Agriculture, les raisons fiscales de la colère
Au-delà des agriculteurs, c’est tout le secteur productif en France qui est concerné par une taxation hors norme sous la forme d’impôts sur la production et les bénéfices. Chronique par Cécile Philippe, présidente de l’Institut économique Molinari, publiée dans Les Échos.
Il est emblématique qu’en France la colère des agriculteurs ait porté avec virulence sur les lois Egalim. Ces textes complexes visent, en effet, un nouveau partage de la valeur entre les agriculteurs, les industriels et les distributeurs.
Mais ce thème du « partage » plus égalitaire est comme souvent un cache-misère d’une création de valeur insuffisante. Si les agriculteurs souffrent, ce n’est malheureusement pas en prenant aux industriels ou aux distributeurs que le problème sera réglé.
Tous les acteurs économiques pâtissent d’impôts et réglementations excessives dans un monde ouvert à la concurrence.
Une situation pire que leurs voisins
Il est clair que les agriculteurs ont bien des raisons d’être mécontents, étant donné l’étendue des réglementations, interdits et contrôles qu’ils subissent, notamment au nom de mesures environnementales parfois mal conçues. D’ailleurs, la contestation agricole à ce sujet est généralisée à presque la totalité de l’UE. Mais certains pensent qu’en tant que bénéficiaires des subventions de la politique agricole commune (PAC), ils sont largement compensés de leurs obligations.
Les choses ne sont pas si simples et sur ce point, la situation des agriculteurs français est pire que celle de la plupart de leurs voisins concurrents.
C’est ce que montrent les chiffres d’Eurostat, qui met à disposition pour tous les pays de l’UE le solde de ce que chaque pays reçoit en termes de subventions de production diminuées des impôts de production supportés par les agriculteurs.

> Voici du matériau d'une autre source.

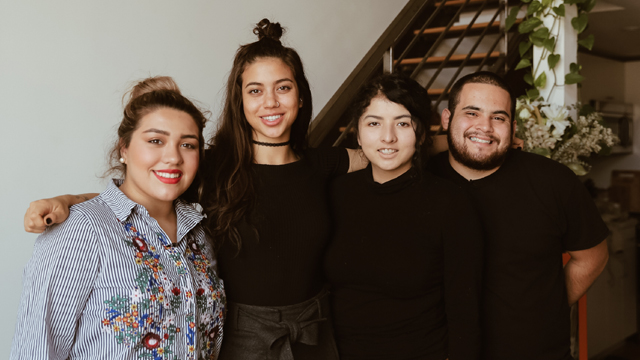 The roadtrippers pose alongside Hustle software engineer Isis Anchalee in San Francisco, California.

La France qui représente 18 % de la production agricole reçoit 15 % des subventions nettes d’impôts alors que l’Allemagne qui réalise 12 % de la production reçoit 14 % des subventions nettes.
Taxation hors norme
L’Allemagne est certainement experte dans l’optimisation des subventions européennes, mais bien plus important, la France est championne dans la taxation de ses producteurs. Pour chaque euro de subvention, l’agriculteur français paie 20 centimes d’impôts sur la production, ce qui réduit ses aides par rapport aux autres acteurs européens.
Or, cette situation ne concerne pas seulement les agriculteurs. Tout le secteur productif en France est concerné par une taxation hors norme sous la forme d’impôts sur la production et les bénéfices s’élevant à 7,4 % de la valeur ajoutée contre 5,4 % au sein de l’UE et 3,7 % en Allemagne.
Par conséquent, envisager de soulager la colère des agriculteurs en dégradant la situation des transformateurs ou distributeurs est un jeu à somme nulle qui ne fera que répartir différemment la colère des acteurs économiques.
Championne européenne de la fiscalité
Nos autorités ont commencé à résorber cette surfiscalité qui joue contre la production, mais elles sont trop timorées. En 2022 la France est restée la championne européenne de la fiscalité de production avec 39 milliards prélevés sur les entreprises, contre au total 40 milliards d’impôts de productions nets de subventions dans l’UE.
La TVA a été inventée par un Français, Maurice Lauré, en 1954 pour éviter les effets de distorsion de la fiscalité de production. Soixante-dix ans après, la France ne parvient toujours pas à se débarrasser de cette fiscalité archaïque alors que cela ne déstabiliserait pas les finances publiques, la disparition des impôts de production étant compensée par la hausse du rendement d’autres prélèvements obligatoires.
En attendant, cela déstabilise profondément tous les acteurs économiques – dont les agriculteurs – qui ont raison de se désespérer de l’immobilisme de nos politiques.